Dopo una giornata così, gli studenti annunciano l’abbandono del tavolo dei colloqui con il governo dell'ex colonia britannica. I leader degli studenti hanno accusato la polizia di aver consentito a bande di criminali di attaccare i manifestanti filodemocratici accampati nelle piazze della metropoli. La Hong Kong Federation of Students (HKFS) ha detto di «non avere altre opzioni che quella di sospendere i colloqui» volti a trovare un accordo per mettere fine alle proteste «dopo che il governo e la polizia hanno chiuso un occhio di fronte agli atti di violenza da parte di picchiatori contro i pacifici manifestanti di Occupy».

Gli scontri nel quartiere di Mong Kok hanno portato ai primi feriti e ai primi arresti, almeno due. Altre otto persone si troverebbero in stato di fermo. Sono centinaia gli agenti impiegati in questa zona dove, nelle scorse ore è esplosa la rabbia tra gli studenti e centinaia di persone identificate come anti-Occupy.

Benny Tai, uno dei leader di Occupy Central, ha dichiarato di temere un coinvolgimento della Triade (organizzazione criminale) dietro gli attacchi al movimento che da giorni occupa le strade della città. La polizia, ora, a Mong Kok, fatica a mantenere l'ordine mentre i disordini proseguono a più riprese tra migliaia di persone che occupano la strada fronteggiandosi a distanza ravvicinata.

In un accordo in extremis, ieri sera, il contestato governatore Leung Chun-yin aveva detto che non si sarebbe dimesso come chiedeva la piazza ma aveva concesso l'avvio di un dialogo e la maggior parte dei dimostranti in serata era tornato a casa, ma oltre 100 persone sono rimaste a bloccare l'uscita di un palazzo governativo sulla Lung Wo Road.

Della situazione continuano a risentire i mercati: nuovo calo in Borsa per la piazza di Hong Kong, con l'indice Hang Seng che ha aperto a -1,16 per cento.

I rapporti tra i manifestanti e la polizia si sono deteriorate da quando domenica gli agenti hanno iniziato a fare ricorso massiccio all'uso di gas lacrimogeni e urticanti e ieri sono state viste arrivare casse di proiettili di gomma.

Pechino ha intanto nuovamente ribadito il forte sostegno a Leung - di cui l'opposizione come un “mantra” chiede le dimissioni - e alla polizia contro «gli atti illegali» dei manifestanti.
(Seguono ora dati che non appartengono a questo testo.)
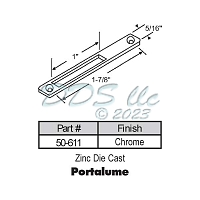 Window Keepers 50-611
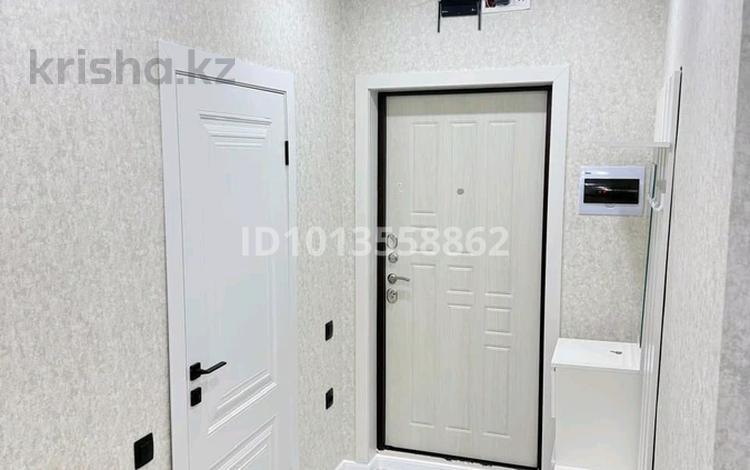 1-комнатная квартира · 39.8 м² · 3/6 этаж, мкр Жана Орда 15 за 22.5 млн ₸ в Уральске — фото 3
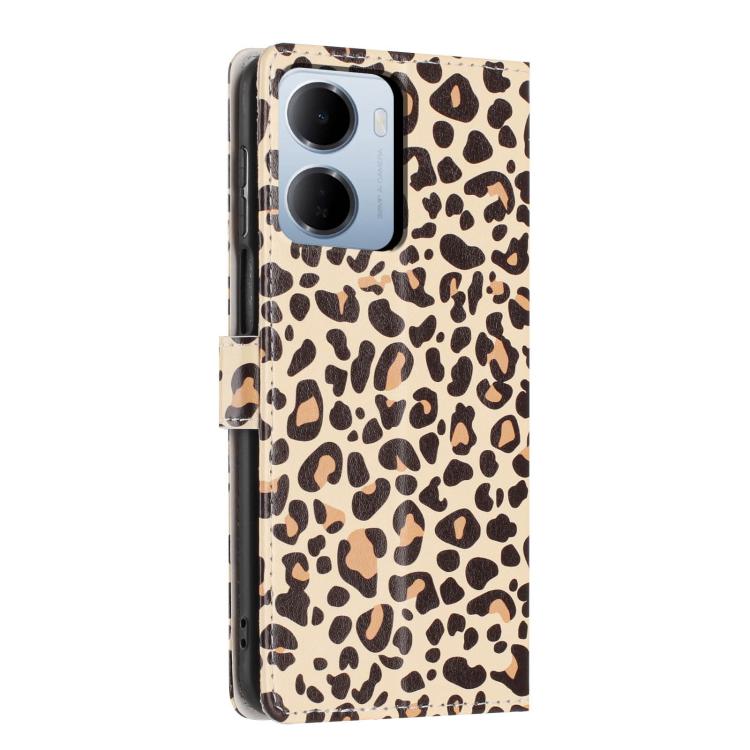 For Redmi 15a 5G Colorful Painting Vegan Leather Phone Case with Lanyard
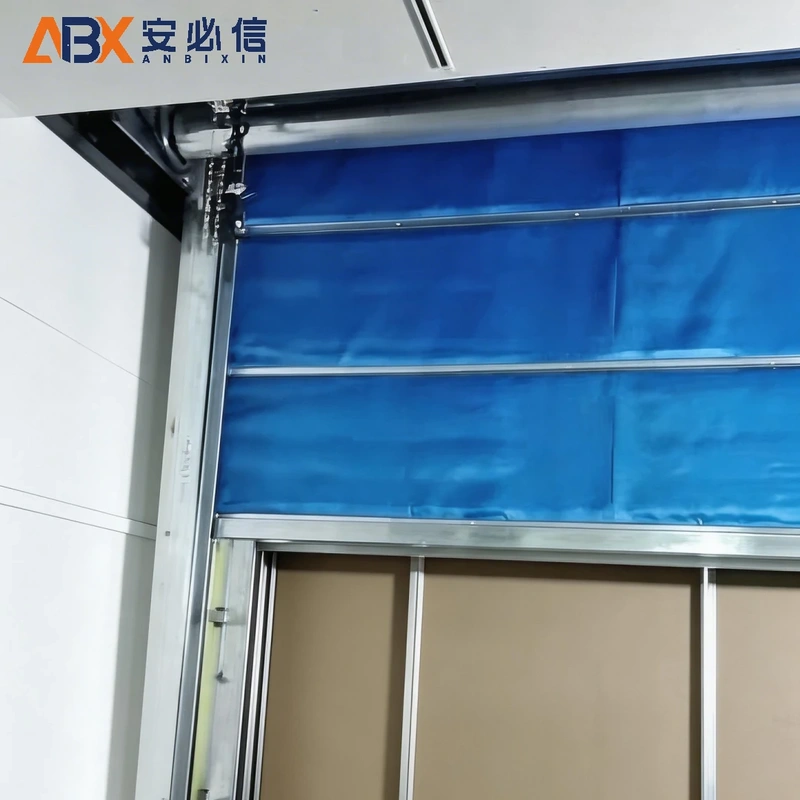 阿坝藏族羌族柔性门
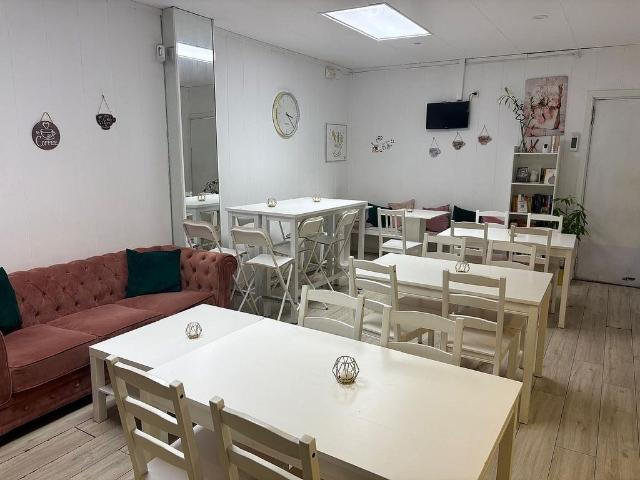 Bar en venta en Pineda de Mar, de 45 m² 1 habitación por 95.000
Da ultimo, oggi, un editoriale del Quotidiano del Popolo, organo del Partito Comunista, conferma l'irremovibile posizione cinese sulle elezioni del 2017: «La decisione (del 31 agosto) dell'attuale comitato del Congresso Nazionale del Popolo, è una decisione necessaria e la sola decisione» aggiungendo che i dimostranti stanno agendo «contro i principi legali e sono destinati a fallire».

I moti in quella che fino al 1997 è stata ex colonia britannica sono stati scatenati il 31 agosto quando è stato annunciato che ad Hong Kong (formalmente una “Regione Amministrativa Separata” le cui relazioni con Pechino sono regolate in base al principio «uno stato, due sistemi») nel 2017 il successore del governatore Leung, definito «chief executive», sarà scelto dai residenti ma tra una rosa di candidati scelti da Pechino.